Not too many things you can do for rears but there's enough workouts to isolate them....you gotta crush the rear delts frequently, heavy and light weight until failure, drop sets, etc...I love to do 

Seated bent over flys (on bench) using dumbells under the legs arms slightly bent do 4-6 sets of these for 12-16 reps. 

Standing rear cable flys..stand between two cables cross them (opposite side in opposite arm) and extend to squeeze the rear delts and hold them there do a bunch. 

Seated reverse cable fly machine ("peck deck" using chest fly machine but seated w/chest facing the upright bench) Go heavy on this one, at least 3 sets heavy for 6-12 reps, then drop set down until failure, make sure to squeeze and hold each contraction. 

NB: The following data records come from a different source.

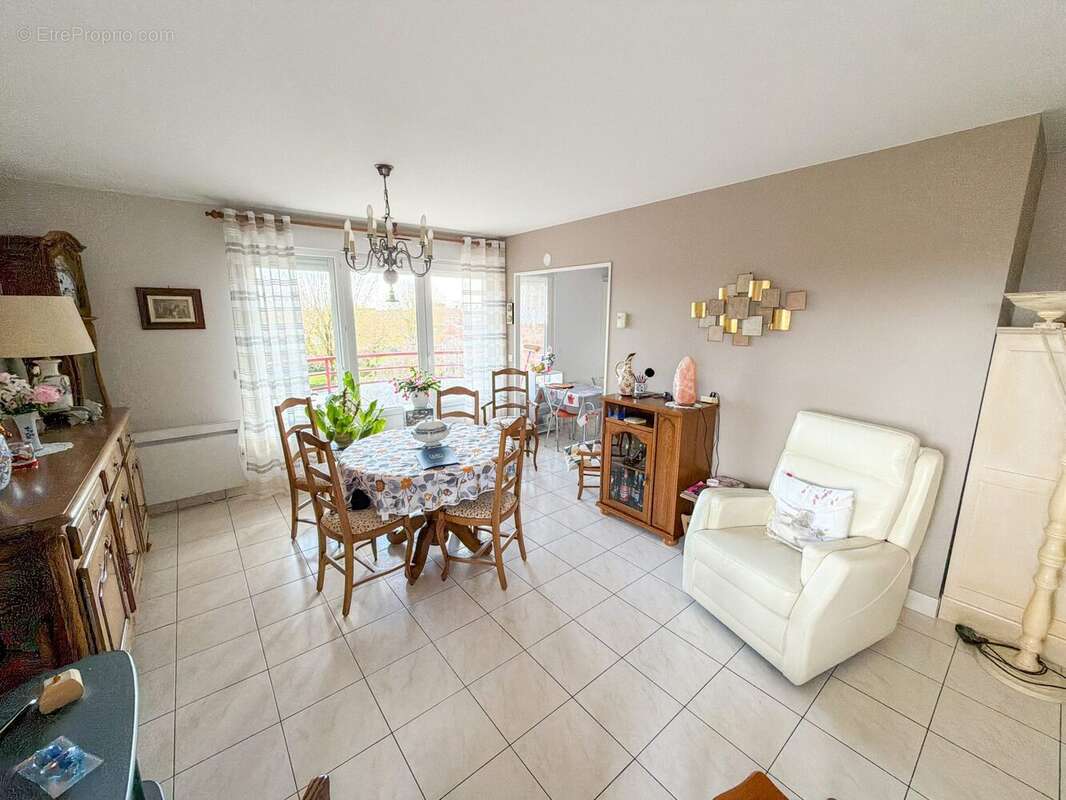 Appartement à LEERS
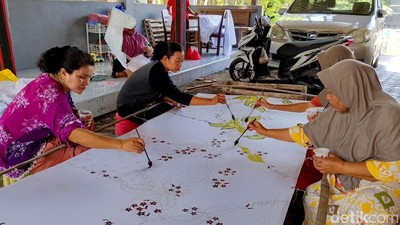 Perajin Batik Probolinggo Banjir Pesanan di Tahun Politik
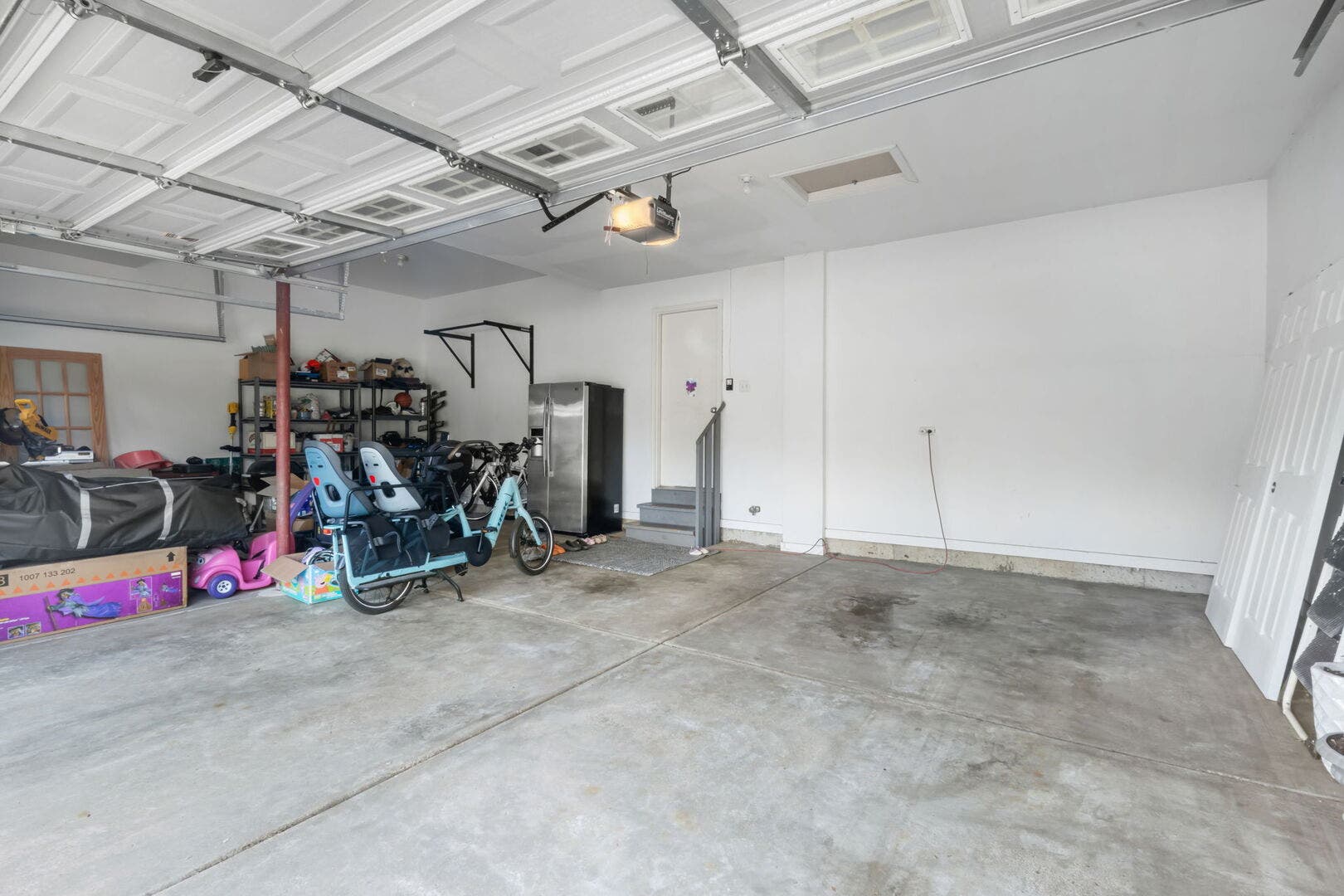 308 Comstock Drive, Elgin, IL 60124 308 Comstock Drive, Elgin, IL 60124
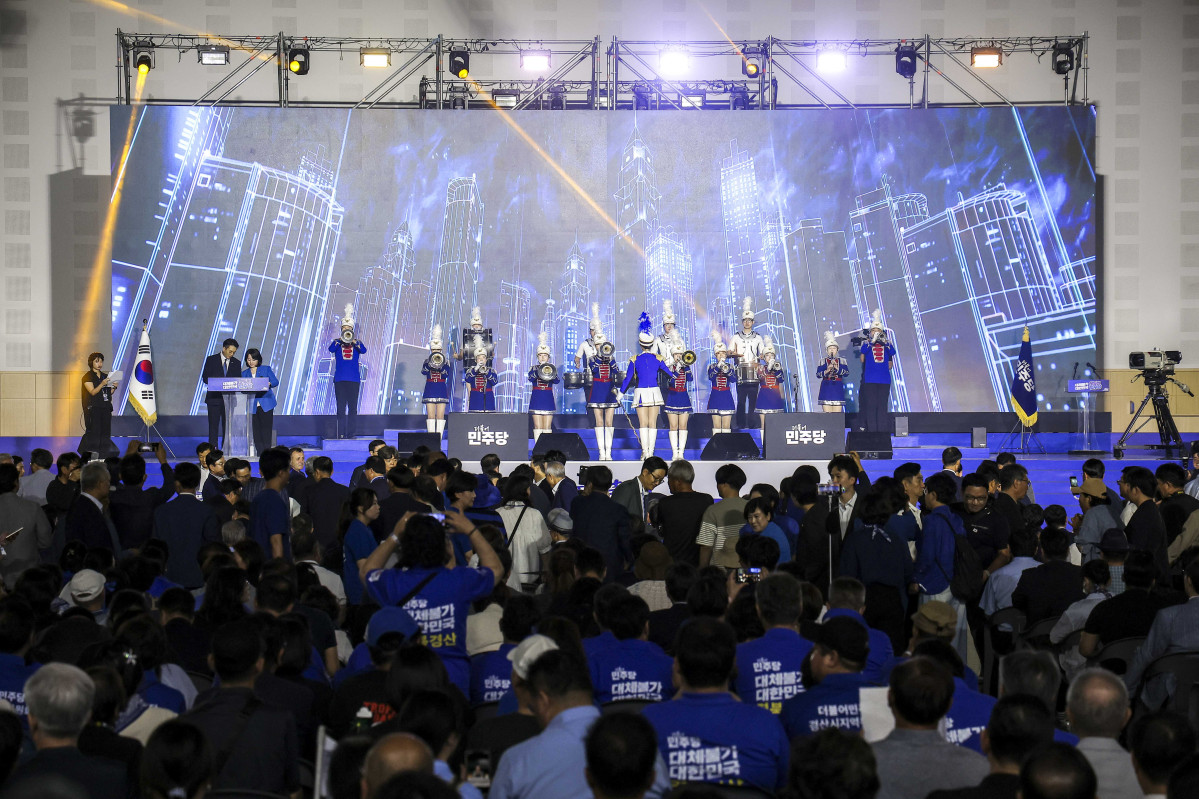 ▲17일 대전 유성구 대전컨벤션센터 제2전시장에서 열린 더불어민주당 제3차 정기전국당원대회에서 식전공연이 열리고 있다. (뉴시스)
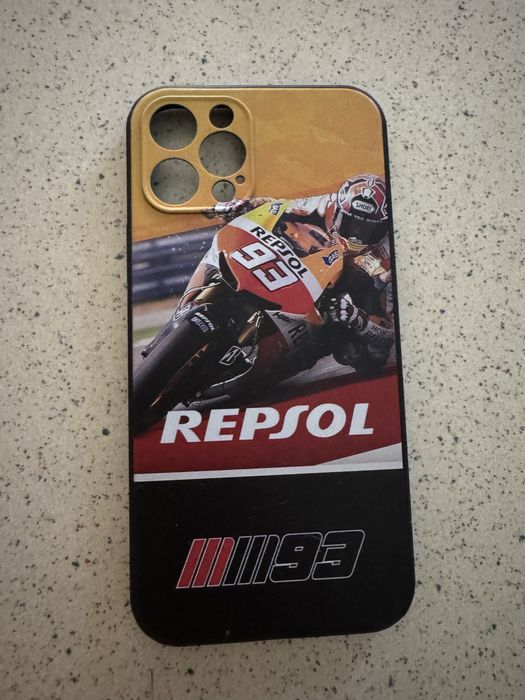 Чехлы Apple iPhone 15 Pro Max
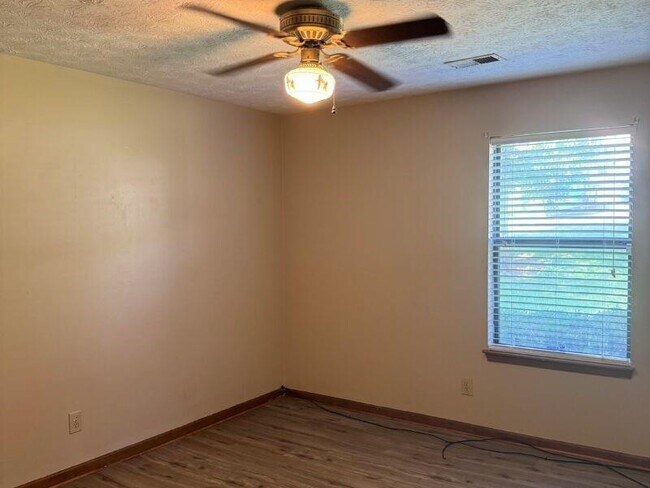 Foto del edificio - 5126 Dekalb Way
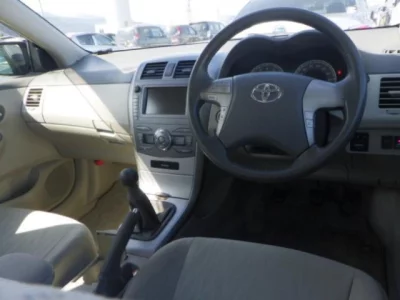 Toyota COROLLA AXIO  с аукциона в Японии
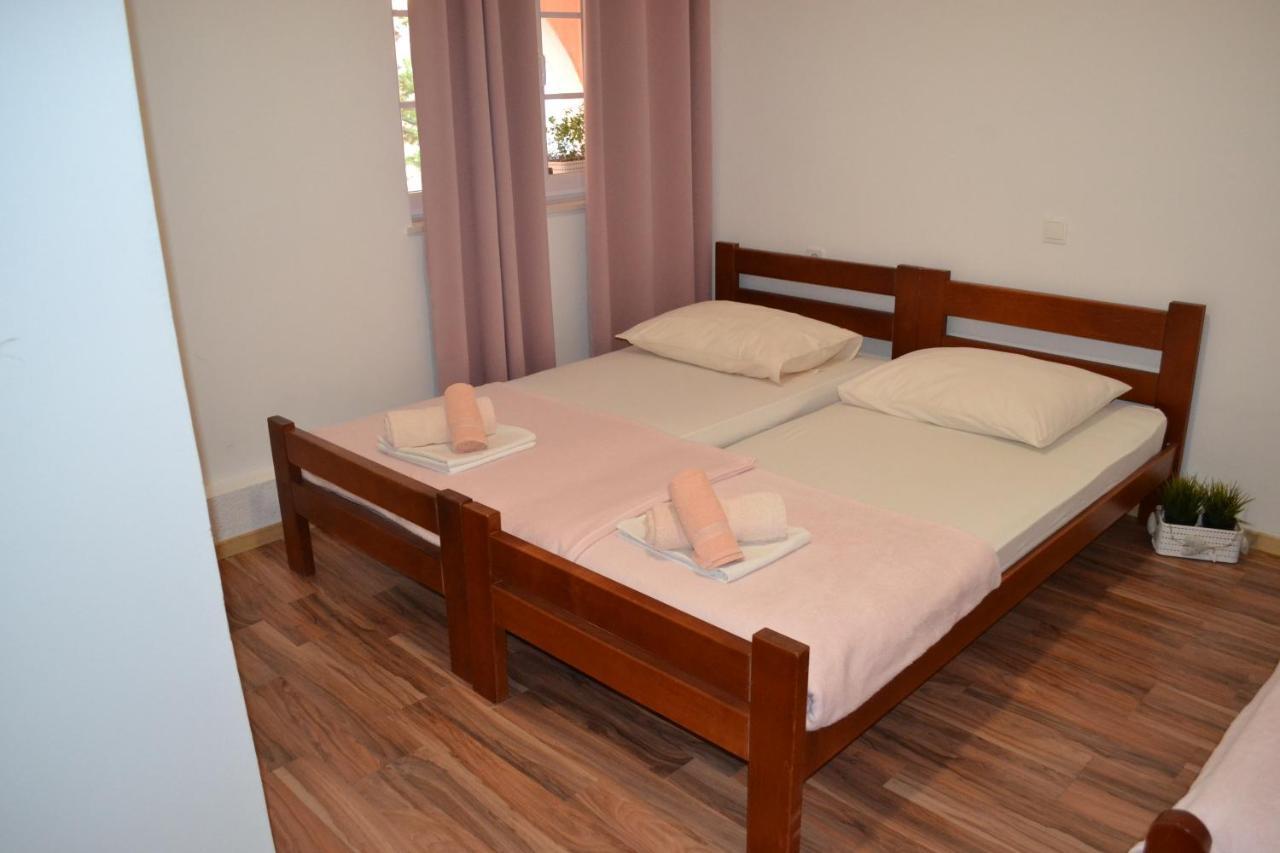 Apartments Rem Novalja Ngoại thất bức ảnh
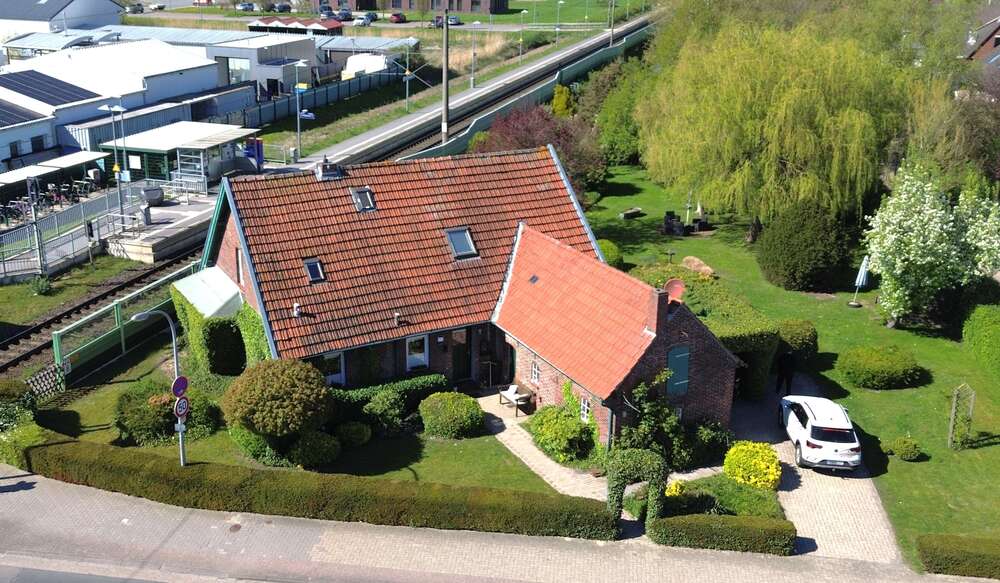Thumbnail-Haus zum Kaufen in Brake 240.000,00 € 144 m²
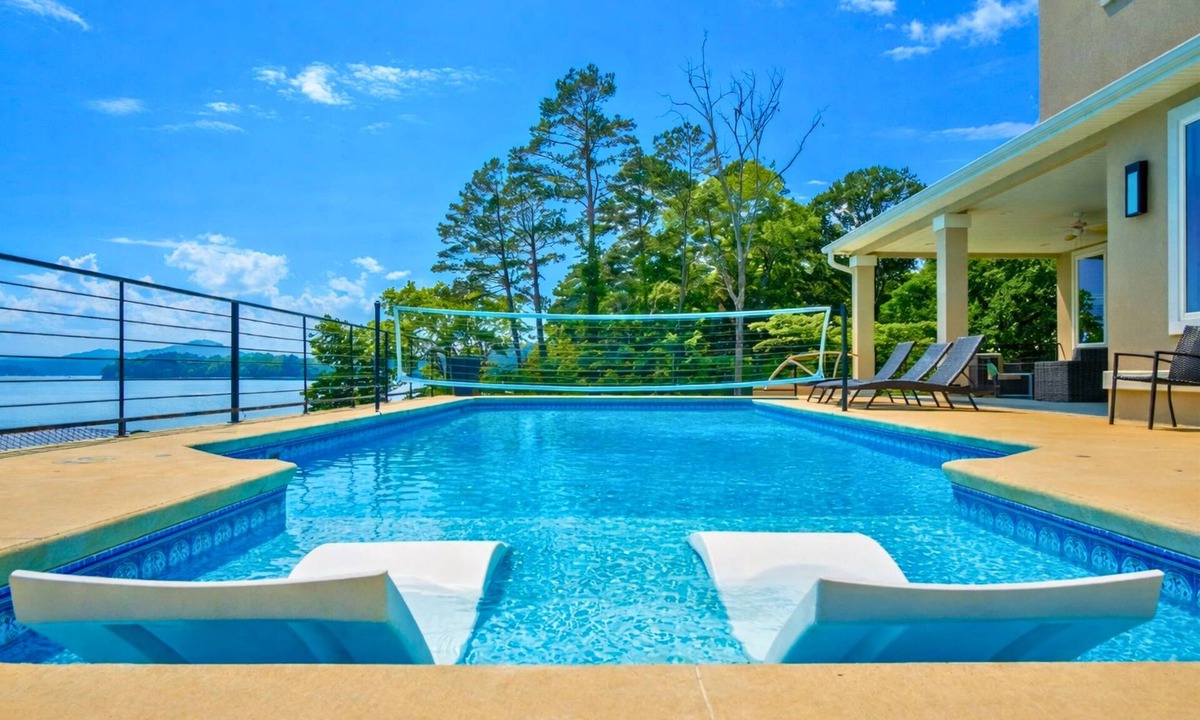 Hot Springs House | Lakefront Luxury | Pool | Hot Tub | Fire Pit | 5BR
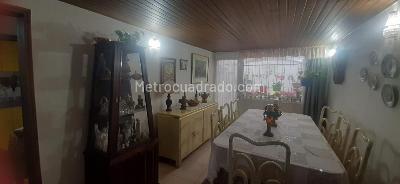 Casa de 3 alcobas en venta en Pasadena, Bogotá, 189 m² · foto 9 de 20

This last one is my least favorite u gotta work with it to find that rear delt u will also be hitting medial delt but you can do standing leaning cable lateral raises behind the back..do quick google search if you don't know what it is. (btw idk if i name all these exercises correctly but thats what I call em).


----------



## saltylifter (Apr 16, 2016)

I do all kinds if rear delts 
Bent over db Flys
Bend over cable Flys
Reverse pec deck
The cable faceing rope pulls savage mentioned.
Lots more but u need to isolate them like anything else


----------



## BigGameHunter (Apr 16, 2016)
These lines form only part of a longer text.